Albert na piśmie :)
11:10Namiętnie oglądam blog Silanny i straaaasznie podobają mi się jej SŁOWA IMIONA. Ta fascynacja rosła we mnie do tego stopnia, że zapragnęłam stworzyć takowe dla własnego potomka (w tym miejscu pragnę podziękować mojemu mężowi, że mamy tylko jedno dziecko).

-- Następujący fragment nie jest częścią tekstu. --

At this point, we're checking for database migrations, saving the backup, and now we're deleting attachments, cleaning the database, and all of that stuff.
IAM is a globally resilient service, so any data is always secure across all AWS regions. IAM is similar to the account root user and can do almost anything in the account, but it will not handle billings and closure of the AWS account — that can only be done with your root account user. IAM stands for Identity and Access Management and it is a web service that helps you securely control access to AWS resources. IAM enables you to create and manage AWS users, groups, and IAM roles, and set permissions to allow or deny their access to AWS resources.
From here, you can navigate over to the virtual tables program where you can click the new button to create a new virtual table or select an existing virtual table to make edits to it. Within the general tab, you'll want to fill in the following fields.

Przyznam, że było to dla mnie ogromne wyzwanie i niezła zagwostka jak to wszystko pozszywać na lewej i prawej stronie, by wyglądało choć w połowie tak ładnie jak literki Silanny.

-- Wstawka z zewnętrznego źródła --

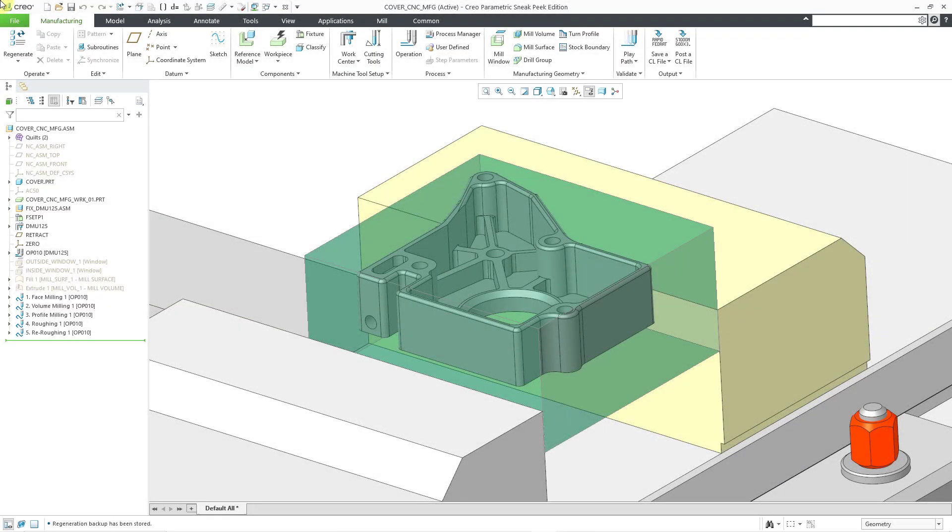In Creo Parametric, you can define the CNC toolpaths for manufacturing your part. You can also create material removal features to simulate how your different sequences will end up affecting your workpiece.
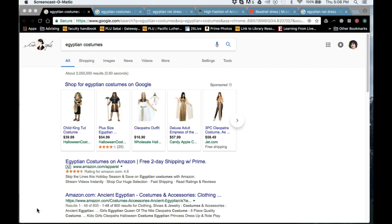So step one: I'm going to have you pick a period — something you're interested in. You could know a lot about it or nothing about it. For me, I'm going to pick Egyptian costume because that's coming up for us. So if I type Egyptian costumes into a search — in this case I just went with standard Google —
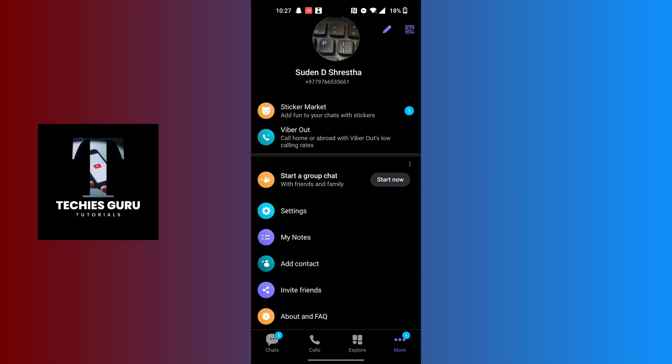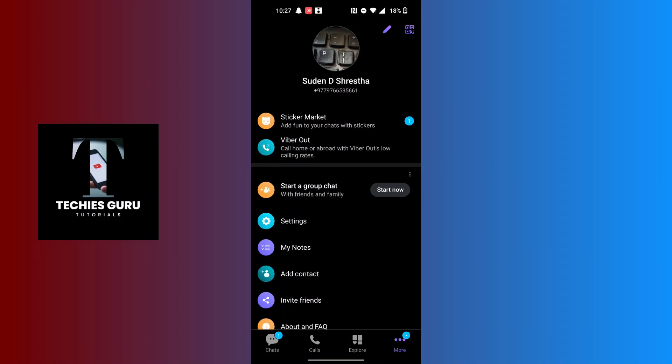Now after landing on this interface, at the top right corner of the screen you can see there's a pen icon available. We'll be required to tap on that pen icon in order to remove the profile picture in Viber.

Po dwóch dniach ciężkich robót: szycia to znów prucia (bo jak to potem wywlokę na prawą stronę) i znów szycia, stanęłam przed największym wyzwaniem jak zaszyć dziurki w brzuszkach ;/ I tu wielki szacun dla Silanny. Kobieto nie wiem jak Ty to zrobiłaś. Ja użyłam tasiemki by zakryć zewnętrzne szycie. Na nic mądrzejszego nie wpadłam. Efekt mojej pracy widać poniżej.
To zdjęcie reprezentacyjne:
5 komentarze
Fajne literki:)wpadłam tu bo w komentarzach do postu o metkach na blogu Moje Zielone Wzgórze wspomniałaś coś o pomocy w konwersji plików i ja bm chciała o taką pomoc poprosić(jakieś namiary na łatwy program do tego typu zabawy czy coś w ten deseń:)) bo ciemna jestem jeśli o takie sprawy chodzi:)

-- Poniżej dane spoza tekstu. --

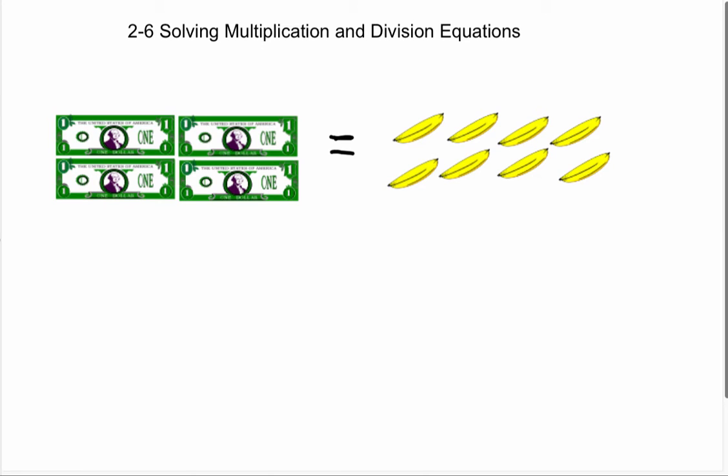Hello, everybody. In this video, we're going to learn about solving multiplication and division equations.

OdpowiedzUsuńdziękuję za słowa uznania, Twoje literki też są bardzo ładne i wykazałaś się kreatywnością z tymi tasiemkami, fajnie wyszło ... a środki ... cóż, moja tajemnica zawodowa hihi ;)
OdpowiedzUsuńświetna ozdoba dla pokoju malucha, radosna i energetyczne. Wykonanie na moje krzywe oko perfekt:) pozdrawiam
OdpowiedzUsuńFantastyczne literki:)Bardzo mi się podobają:)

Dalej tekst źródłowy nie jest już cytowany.